A new, more interesting rotation
In the Cataclysm beta, for a time, Crusader Strike was on a 4.5-second cooldown, which has the side effect of leaving gaps in the rotation. Beta testers raged against this, complaining that the gaps made the protection paladin rotation a snore, as well as hugely frustrating when you had nothing to fill a GCD with. Rather than fixing the issue by lowering the cooldowns on various filler attacks, the devs lowered the cooldown of Crusader Strike to 3 seconds.
This eliminated the gaps but at the cost of making the rotation horribly rigid. At least in Wrath's 969 rotation -- widely accepted as the most boring tank rotation in the game -- you weren't constantly hitting the same button every other GCD. The new rotation, snarkily dubbed 939, was in some ways a step forward, in other ways a step back.
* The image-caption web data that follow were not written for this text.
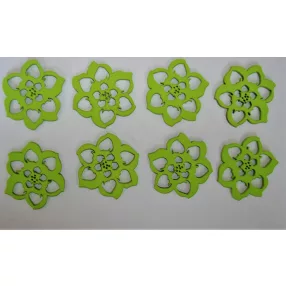 Világos zöld fa virág 5cm 8db/csomag 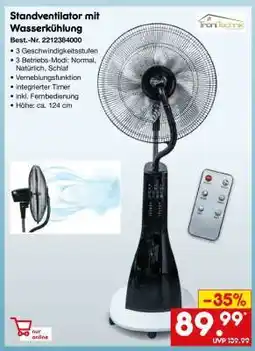Netto Marken-Discount Standventilator mit Wasserkühlung Angebot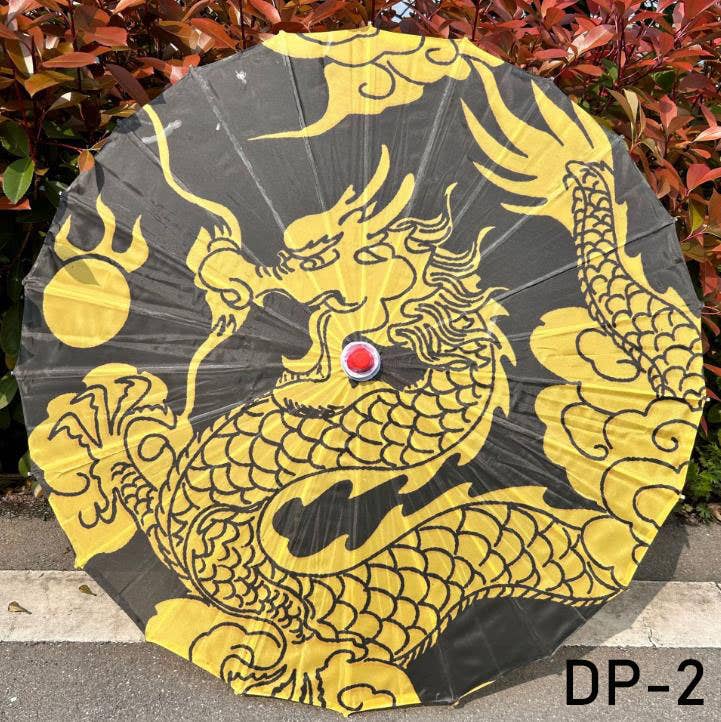 Fiona Accessories - Wholesale Umbrella - Unisex - Dragan Oriental Asian Style Parasol 2 Style 21.50"0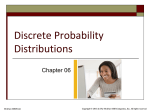 probability distribution.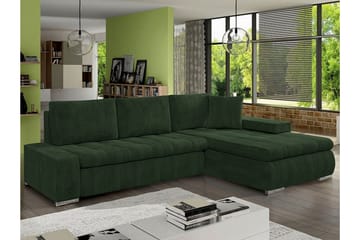 Cerys 3-sits Hörnbäddsoffa Green - Møbler - Sofaer - Sovesofaer - Hjørnesovesofa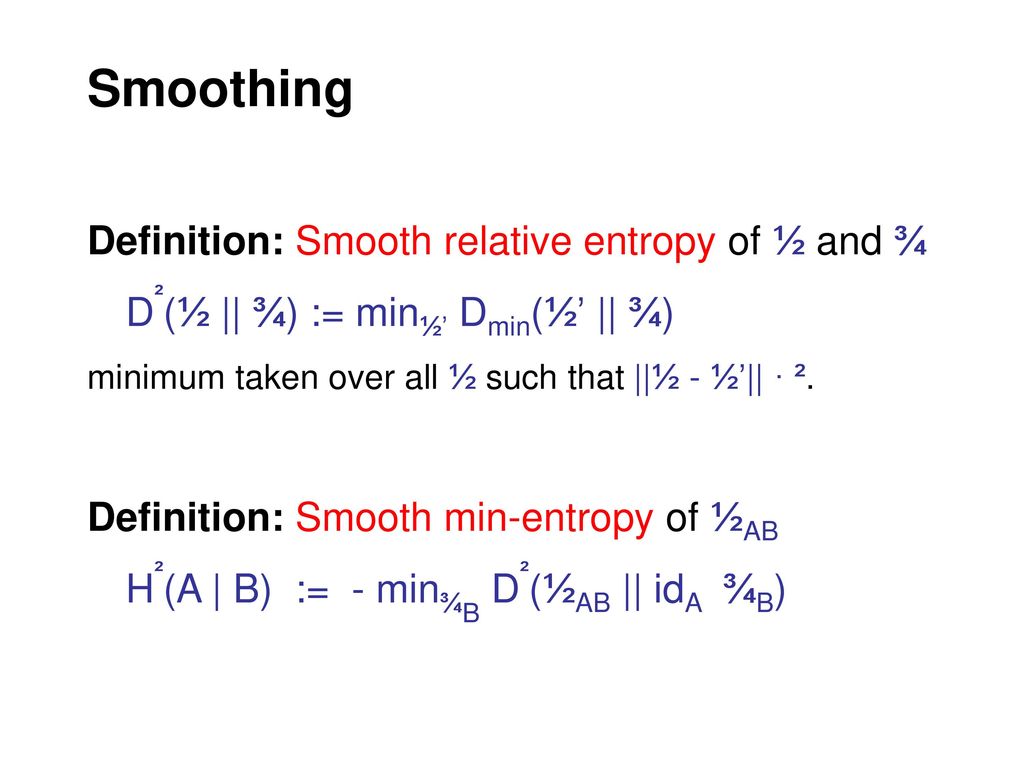 Generalized Entropies Ppt Download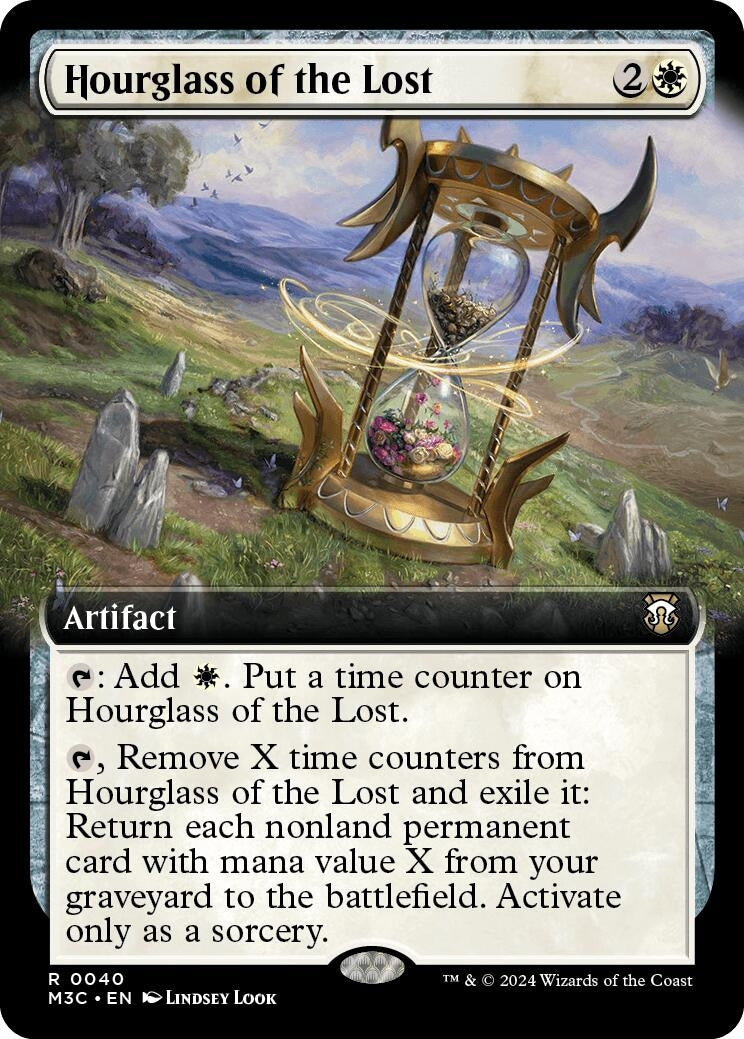 Hourglass of the Lost (Extended Art) (Ripple Foil) (40) (Commander: Modern Horizons 3)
What we truly need in Mists of Pandaria is a definitive leap forward for our rotation. Put Crusader Strike back at 4.5 seconds, add more procs, lower the cooldowns on fillers so there are no gaps (if gaps are truly a non-starter). Make the rotation dyamic enough that you can't just descend into a trance and mechanically start working your way through it. And most of all, make it rewarding to those that make the right choices in what attack is being used at that time.
Lastly, the end result of our rotation -- the 3-holy-power payoff -- needs to be more interesting as well. Right now we're in a pretty static situation. If you care about single-target threat, you hit Shield of the Righteous. If you care about AoE threat, you hit Inquisition. And if you care about survivability (which, let's face it, is most of the time), you hit Word of Glory. Sometimes you even sit on your holy power until the most opportune time to use Word of Glory presents itself. Not interesting.
Critically, all holy power finishers should have some kind of survivability hook. Remember when Word of Glory didn't have a cooldown? Was there ever a good reason to not WoG when you accumulated 3 holy power? What tank in their right mind would fire off a ShoR in a straightforward situation when you have enough threat? Survivability is nearly always (except in special situations) going to be king. A tank should never feel like they are gimping themselves when using a holy power finisher, lest they not use it.
The removal of Vengeance and the return of real threat
I honestly believe that the introduction of Vengeance was a terrible decision that made tanking in Cataclysm far less interesting than in previous expansions. It removed what was once an integral part of tanking, the achievement and maintenance of threat. Originally, it was intended to correct the issue of tank damage scaling poorly against the damage of normal DPS players. Yet, its side effect (along with the nigh-removal of threat with the increase of the threat multipliers) cannot be denied.
My personal wish for how to correct this is two-fold. One is (as stated) the removal of the Vengeance buff, once again placing the burden of threat generation on the player. The other, more dramatic, is the removal of tank plate.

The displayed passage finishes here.